Post by dv8 » Tue Feb 12, 2019 11:22 pm

jregel wrote:
Tue Feb 12, 2019 10:26 pm
My reading so far suggests that the way to do this is to use two bytes in zero page to contain the base address of the tiledata memory, then add the offset to it, and finally LDA it using indirect addressing.
Is that right?
Yes, LDA (zp),Y will allow you to access the tile data indexed by Y once you have the tile address in a zero-page pointer.
jregel wrote:
Tue Feb 12, 2019 10:26 pm
If so, what’s the correct way to get the address of “tiledata” as defined in BASIC?
One way would be to add tiledata as an extra argument when you CALL your machine code routine. You could then pick up the value from the CALL parameter block at &0600.

But it would probably be easier just to store the address directly in a zero-page location, e.g.
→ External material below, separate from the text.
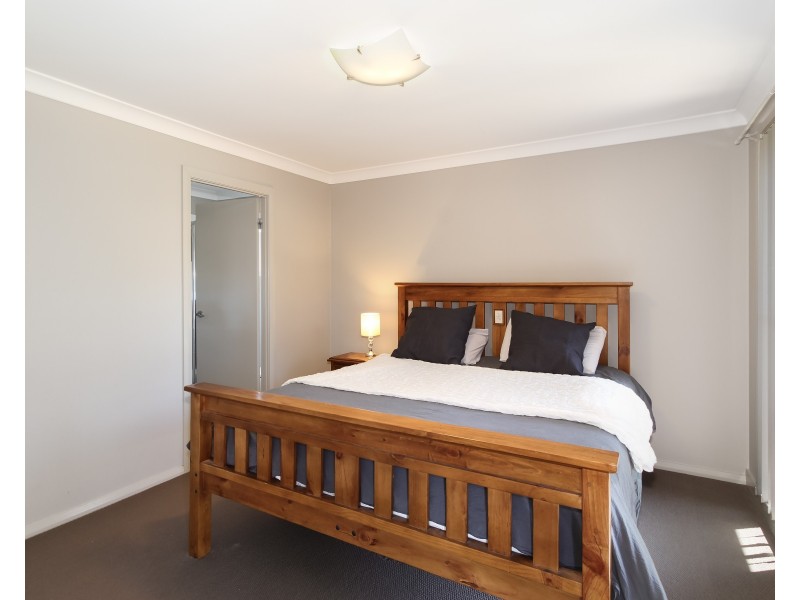 5 Regal Park Drive, Tamworth NSW 2340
!&70=tiledata:?&72=tilenum

The machine code routine could then calculate the tile address like this:

\ Multiply tile number by 64
LDA #0
LSR &72:ROR A
LSR &72:ROR A
\ Add to the base address
ADC &70:STA &70
LDA &72:ADC &71:STA &71

&70/71 now contains a pointer to the start of the tile and can be accessed with LDA (&70),Y

I'll leave it as an exercise to figure out how two right shifts can multiply by 64 and why I've (intentionally) left out a CLC before the ADC.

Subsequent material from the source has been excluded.